Full Squat with Dumbbell

Posted by & filed under Exercise and Training.

There is much that is good about this short clip.

Full range of movement – a squat should go all the way down.  Initiate the movement by moving the knees forwards NOT the hips backwards.  Moving the knees forwards helps the major knee stabiliser, the VMO, to fire properly.

His legs are stable after an initial wobble at the right knee.  If starting to do full squats, do check yourself out in the mirror and the legs should be stable and not wobbling about.  Usually the wobbles are small, so it is necessary to concentrate.  If one or both knees are wobbling, lighten the weight.  If they still wobble with only body weight, then this is a sign that the leg muscles are unbalanced.  Seek help from a decent personal trainer or a good remedial masseuse.  If you ignore the wobble, you will suffer an injury.

He is very flexible.  In order to make the squat more achievable, it will help to stand the heels on a raise.  This will also put more into the quads1 and VMO.

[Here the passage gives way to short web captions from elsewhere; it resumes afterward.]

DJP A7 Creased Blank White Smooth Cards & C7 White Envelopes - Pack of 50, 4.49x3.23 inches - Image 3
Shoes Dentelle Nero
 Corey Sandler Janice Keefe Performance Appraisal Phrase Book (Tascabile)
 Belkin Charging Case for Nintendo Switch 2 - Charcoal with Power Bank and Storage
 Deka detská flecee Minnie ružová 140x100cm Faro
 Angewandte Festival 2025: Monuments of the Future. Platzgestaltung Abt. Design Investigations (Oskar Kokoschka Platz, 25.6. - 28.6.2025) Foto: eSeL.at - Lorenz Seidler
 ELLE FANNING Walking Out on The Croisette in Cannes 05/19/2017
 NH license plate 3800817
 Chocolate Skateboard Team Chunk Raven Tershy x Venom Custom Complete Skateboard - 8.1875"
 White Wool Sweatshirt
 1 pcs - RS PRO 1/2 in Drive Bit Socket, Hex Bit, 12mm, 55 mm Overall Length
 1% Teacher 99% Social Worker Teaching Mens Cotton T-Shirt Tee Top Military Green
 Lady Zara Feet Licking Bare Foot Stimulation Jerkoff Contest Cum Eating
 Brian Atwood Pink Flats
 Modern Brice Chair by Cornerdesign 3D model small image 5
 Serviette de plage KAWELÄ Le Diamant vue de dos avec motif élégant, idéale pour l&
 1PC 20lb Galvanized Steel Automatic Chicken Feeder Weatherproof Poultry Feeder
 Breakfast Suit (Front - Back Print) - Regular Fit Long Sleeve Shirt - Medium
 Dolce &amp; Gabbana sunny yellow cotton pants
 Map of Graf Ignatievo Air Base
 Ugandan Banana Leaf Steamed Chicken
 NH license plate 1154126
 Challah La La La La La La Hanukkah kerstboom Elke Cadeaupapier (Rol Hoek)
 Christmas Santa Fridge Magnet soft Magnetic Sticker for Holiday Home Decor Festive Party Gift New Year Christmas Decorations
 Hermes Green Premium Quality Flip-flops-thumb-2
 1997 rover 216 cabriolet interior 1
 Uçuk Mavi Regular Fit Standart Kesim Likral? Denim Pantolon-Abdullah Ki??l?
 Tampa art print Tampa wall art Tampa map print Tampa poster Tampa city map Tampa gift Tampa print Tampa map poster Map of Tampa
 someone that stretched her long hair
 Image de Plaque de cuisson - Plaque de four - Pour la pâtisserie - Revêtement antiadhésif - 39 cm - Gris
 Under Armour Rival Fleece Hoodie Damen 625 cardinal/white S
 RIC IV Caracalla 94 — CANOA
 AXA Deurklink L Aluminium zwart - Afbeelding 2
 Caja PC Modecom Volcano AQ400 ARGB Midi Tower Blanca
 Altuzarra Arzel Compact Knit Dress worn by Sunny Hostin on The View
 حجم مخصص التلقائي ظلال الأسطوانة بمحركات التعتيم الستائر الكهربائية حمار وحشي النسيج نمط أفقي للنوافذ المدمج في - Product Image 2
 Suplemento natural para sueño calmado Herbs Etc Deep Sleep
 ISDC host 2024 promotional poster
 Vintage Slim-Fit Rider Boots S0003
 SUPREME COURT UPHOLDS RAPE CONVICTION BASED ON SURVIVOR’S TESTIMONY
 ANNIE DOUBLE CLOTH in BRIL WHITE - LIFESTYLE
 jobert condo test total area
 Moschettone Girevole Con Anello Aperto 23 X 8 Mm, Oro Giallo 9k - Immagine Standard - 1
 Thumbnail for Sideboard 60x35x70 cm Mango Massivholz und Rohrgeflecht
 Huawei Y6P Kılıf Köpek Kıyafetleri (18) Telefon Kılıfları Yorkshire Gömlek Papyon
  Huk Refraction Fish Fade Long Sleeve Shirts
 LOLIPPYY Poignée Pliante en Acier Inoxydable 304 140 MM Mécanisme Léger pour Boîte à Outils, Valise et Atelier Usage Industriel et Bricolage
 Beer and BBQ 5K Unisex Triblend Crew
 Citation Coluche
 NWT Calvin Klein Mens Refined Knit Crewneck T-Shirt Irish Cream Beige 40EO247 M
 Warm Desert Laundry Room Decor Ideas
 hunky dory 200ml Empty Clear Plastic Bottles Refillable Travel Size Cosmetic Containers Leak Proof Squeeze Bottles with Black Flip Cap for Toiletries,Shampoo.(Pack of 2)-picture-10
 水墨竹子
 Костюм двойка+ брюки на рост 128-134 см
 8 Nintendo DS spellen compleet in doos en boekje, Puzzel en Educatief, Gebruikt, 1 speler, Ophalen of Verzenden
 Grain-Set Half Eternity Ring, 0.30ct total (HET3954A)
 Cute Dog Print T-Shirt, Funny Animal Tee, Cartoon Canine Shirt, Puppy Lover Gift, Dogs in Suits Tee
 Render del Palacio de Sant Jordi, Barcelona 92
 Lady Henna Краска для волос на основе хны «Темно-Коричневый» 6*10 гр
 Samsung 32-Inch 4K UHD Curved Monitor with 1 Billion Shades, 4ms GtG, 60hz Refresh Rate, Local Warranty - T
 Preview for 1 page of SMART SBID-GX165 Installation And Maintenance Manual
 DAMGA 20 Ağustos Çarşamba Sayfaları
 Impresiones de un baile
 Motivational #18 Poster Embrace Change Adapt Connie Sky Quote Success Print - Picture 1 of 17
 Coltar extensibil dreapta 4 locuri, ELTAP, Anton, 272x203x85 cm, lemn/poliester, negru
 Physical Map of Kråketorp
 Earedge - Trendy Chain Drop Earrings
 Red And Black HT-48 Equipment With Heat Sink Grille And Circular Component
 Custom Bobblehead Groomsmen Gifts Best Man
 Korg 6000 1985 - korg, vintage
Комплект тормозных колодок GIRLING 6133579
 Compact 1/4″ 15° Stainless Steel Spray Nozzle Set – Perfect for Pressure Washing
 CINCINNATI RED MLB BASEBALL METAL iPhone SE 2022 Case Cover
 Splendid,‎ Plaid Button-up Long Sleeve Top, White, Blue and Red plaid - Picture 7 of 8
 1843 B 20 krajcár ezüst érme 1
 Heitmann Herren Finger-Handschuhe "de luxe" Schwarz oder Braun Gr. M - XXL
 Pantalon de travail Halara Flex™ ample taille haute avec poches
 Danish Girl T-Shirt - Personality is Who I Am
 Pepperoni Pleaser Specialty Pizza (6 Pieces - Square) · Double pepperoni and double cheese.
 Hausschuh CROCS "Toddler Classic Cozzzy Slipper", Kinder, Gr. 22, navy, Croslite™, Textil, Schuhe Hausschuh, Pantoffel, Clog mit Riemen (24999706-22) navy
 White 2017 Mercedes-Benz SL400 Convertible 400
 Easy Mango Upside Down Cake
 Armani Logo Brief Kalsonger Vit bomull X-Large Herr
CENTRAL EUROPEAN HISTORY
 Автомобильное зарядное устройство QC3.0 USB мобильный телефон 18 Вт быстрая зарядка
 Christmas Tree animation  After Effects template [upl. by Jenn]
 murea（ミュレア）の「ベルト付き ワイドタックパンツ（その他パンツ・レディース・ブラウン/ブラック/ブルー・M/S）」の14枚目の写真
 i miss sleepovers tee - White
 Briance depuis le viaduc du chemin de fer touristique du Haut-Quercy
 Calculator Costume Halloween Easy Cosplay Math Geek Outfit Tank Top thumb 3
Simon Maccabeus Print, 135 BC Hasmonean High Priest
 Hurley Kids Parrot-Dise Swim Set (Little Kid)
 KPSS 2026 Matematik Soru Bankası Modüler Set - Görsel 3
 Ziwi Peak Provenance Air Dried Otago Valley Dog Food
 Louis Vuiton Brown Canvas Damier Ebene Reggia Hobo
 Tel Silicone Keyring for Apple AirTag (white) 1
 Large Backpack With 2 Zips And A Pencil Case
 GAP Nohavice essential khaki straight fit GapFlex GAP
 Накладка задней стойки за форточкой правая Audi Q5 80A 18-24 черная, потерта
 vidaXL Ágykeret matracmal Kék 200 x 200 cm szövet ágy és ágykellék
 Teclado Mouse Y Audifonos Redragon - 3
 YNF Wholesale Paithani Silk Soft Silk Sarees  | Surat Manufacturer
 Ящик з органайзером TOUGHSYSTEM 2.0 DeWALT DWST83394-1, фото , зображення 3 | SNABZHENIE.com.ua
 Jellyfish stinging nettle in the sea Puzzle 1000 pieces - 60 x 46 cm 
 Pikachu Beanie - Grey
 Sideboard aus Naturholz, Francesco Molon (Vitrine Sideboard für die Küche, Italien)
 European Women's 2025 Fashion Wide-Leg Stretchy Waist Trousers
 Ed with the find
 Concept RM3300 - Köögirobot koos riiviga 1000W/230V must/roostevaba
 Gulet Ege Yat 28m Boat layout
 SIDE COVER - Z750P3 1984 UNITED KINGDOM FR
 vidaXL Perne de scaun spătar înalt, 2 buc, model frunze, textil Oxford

His head position is very good.  Often we are instructed to look up during a squat – but he allows a natural head positioning.

Bare feet.  Good.

You could slow the descent – lowering for a count of 2 – 4 seconds (or more if you are feeling brave).

You could hold 2 dumbbells, one in either hand beside you.

Check your knees don’t go wide.  It is better to have them slightly in from the big toe – especially if you play sports.  If you drop into a ready position, ie bend over a bit and bend ze knees, feeling able to move in any direction, which position do your knees need to be in?  Wide or slightly inwards?